The left-handed batsman, along with Jayawardene, frustrated the Australian bowlers who removed openers Tharanga Paranavitana (55) and Sri Lanka skipper Tillakaratne Dilshan (36) but did not get another chance to celebrate. Sangakkara said Sri Lanka's job, having folded for 174 in the first innings, was far from over.
"Test matches are usually won or lost on the first innings. Very rarely you see huge comeback in the third and fourth innings. So, as a batting side, going against Australia, we got to be up for the fight," he said.

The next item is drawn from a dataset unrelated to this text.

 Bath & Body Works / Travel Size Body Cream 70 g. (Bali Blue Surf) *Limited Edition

"If we get a good start tomorrow morning, because the new ball is due in one over, we can put pressure back on the Australians."

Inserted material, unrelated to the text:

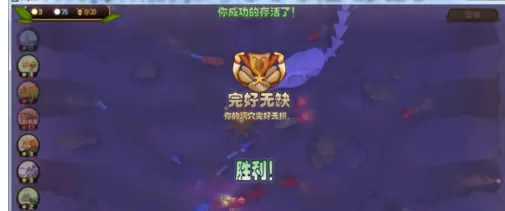 虫虫大作战—越过沙漠攻略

Sri Lanka's misfiring openers stitched together an 81-run stand, their best in the series, before captain Dilshan was caught by Shane Watson off Ryan Harris for 36 in the morning session.
After lunch, Australia's part-time bowler Michael Hussey removed Paranavitana with the fifth ball of his first over, to add to his first innings scalp of Sangakkara.
Umpire Tony Hill had to change his 'not out' decision as Australia captain Michael Clarke asked for a review on stumper Brad Haddin's strong request, even though Hussey did not even appeal.
"There was a good noise. I was pretty confident it had nicked the glove," Haddin told reporters.
Paranavitana could not carry on but his 143-ball knock helped steady the home team, who had lost the first five wickets before reaching 80 in the first innings.
Australia won the first test of the three-match series in Galle by 125 runs.